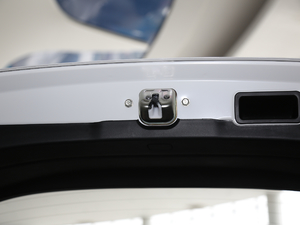 2020Ŀ 2.0i ȫ(q)A EyeSight g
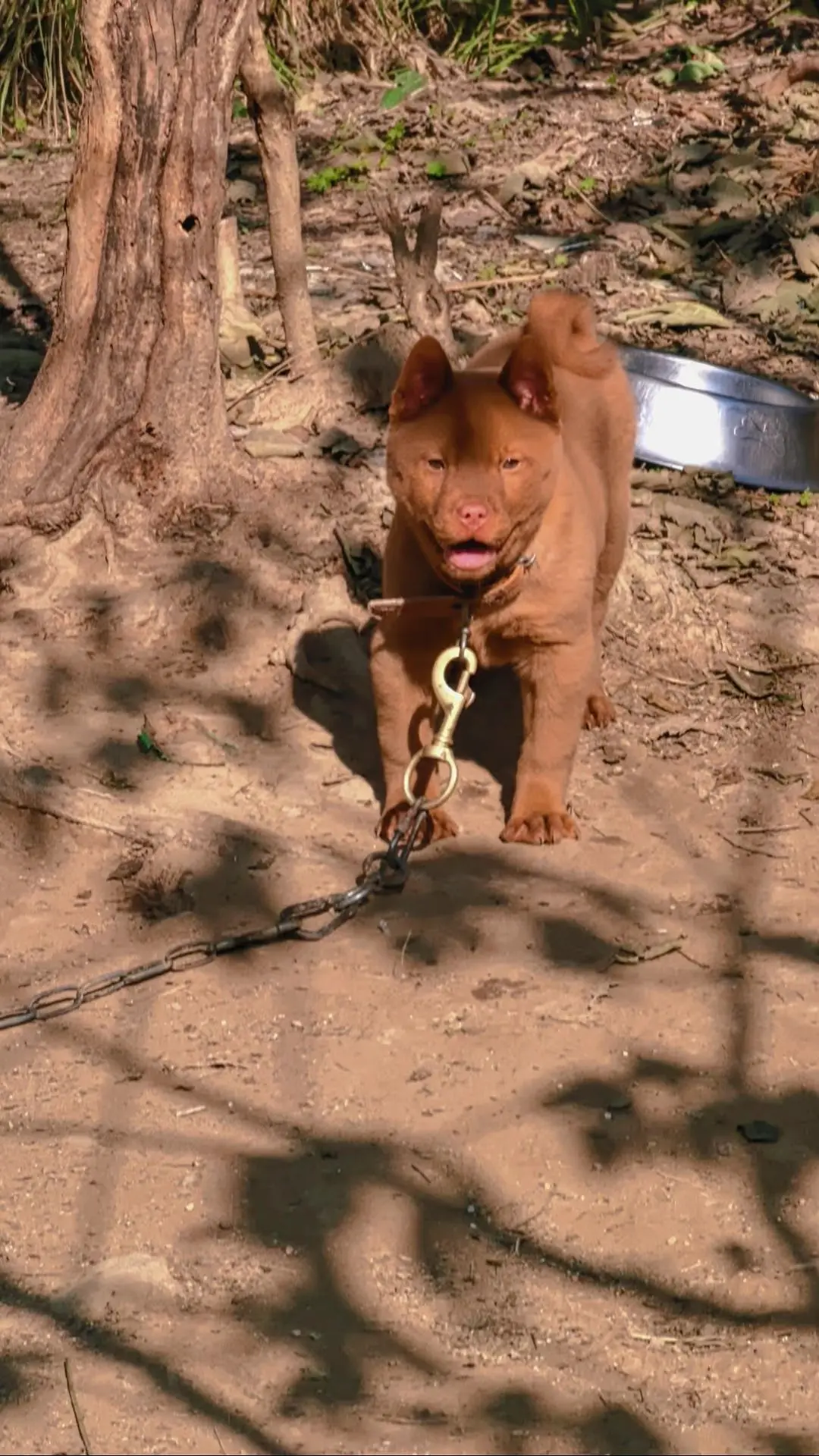 中华田园犬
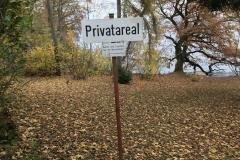 Platzputzete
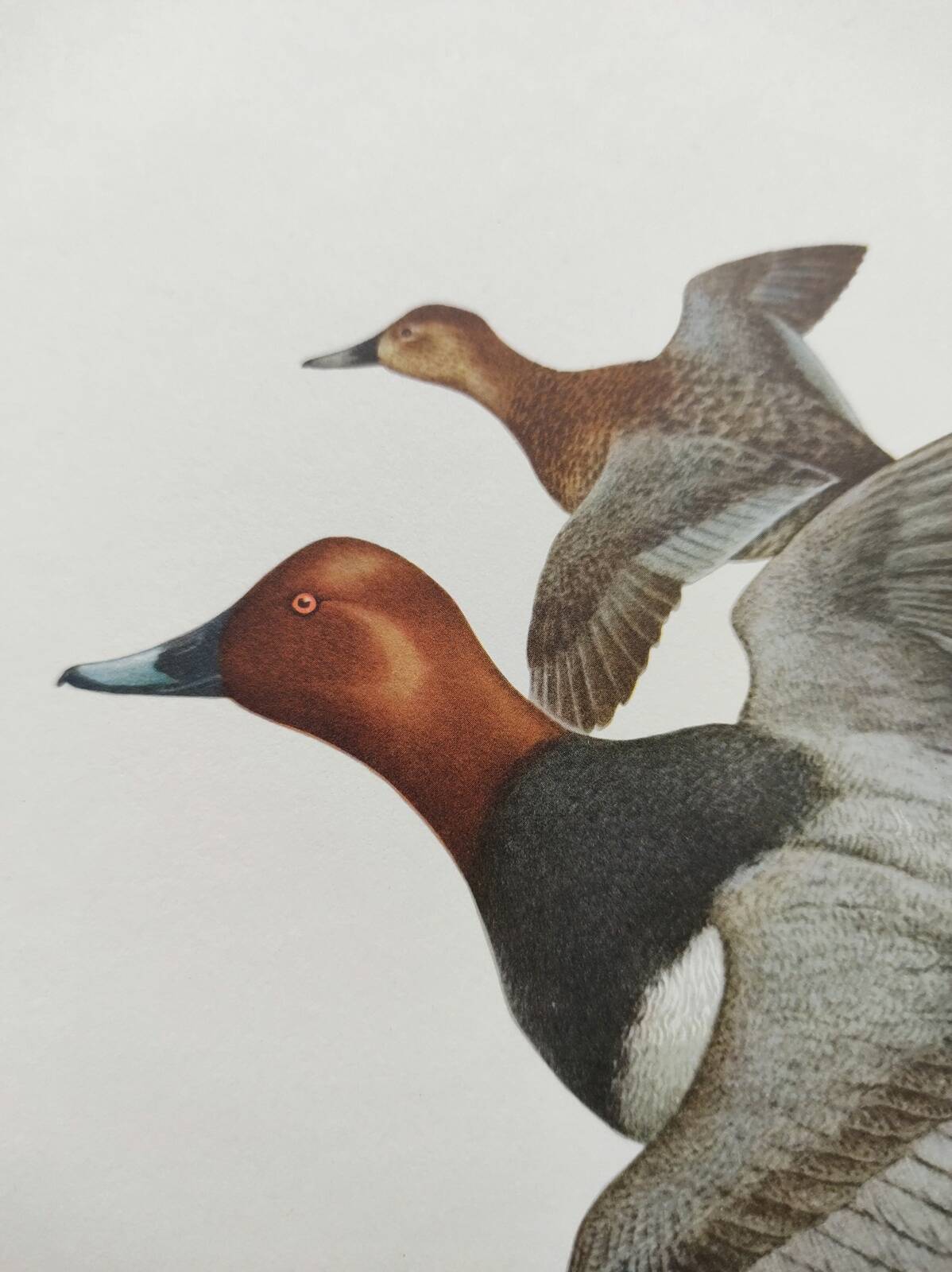 Bird board 60s - Pochard - Vintage ornithological illustration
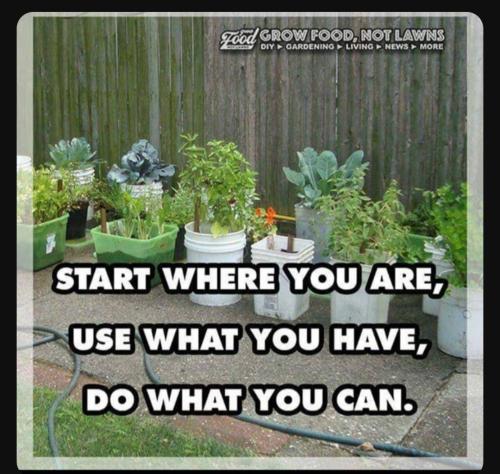 Screenshot_20230606_075636_YouTube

Goal of the exercise -> From the line that includes "Bird board 60s" on down to the last line of the entries above, set down each line exactly, leaving out the pictures.

Answer space ->
 Bird board 60s - Pochard - Vintage ornithological illustration
 Screenshot_20230606_075636_YouTube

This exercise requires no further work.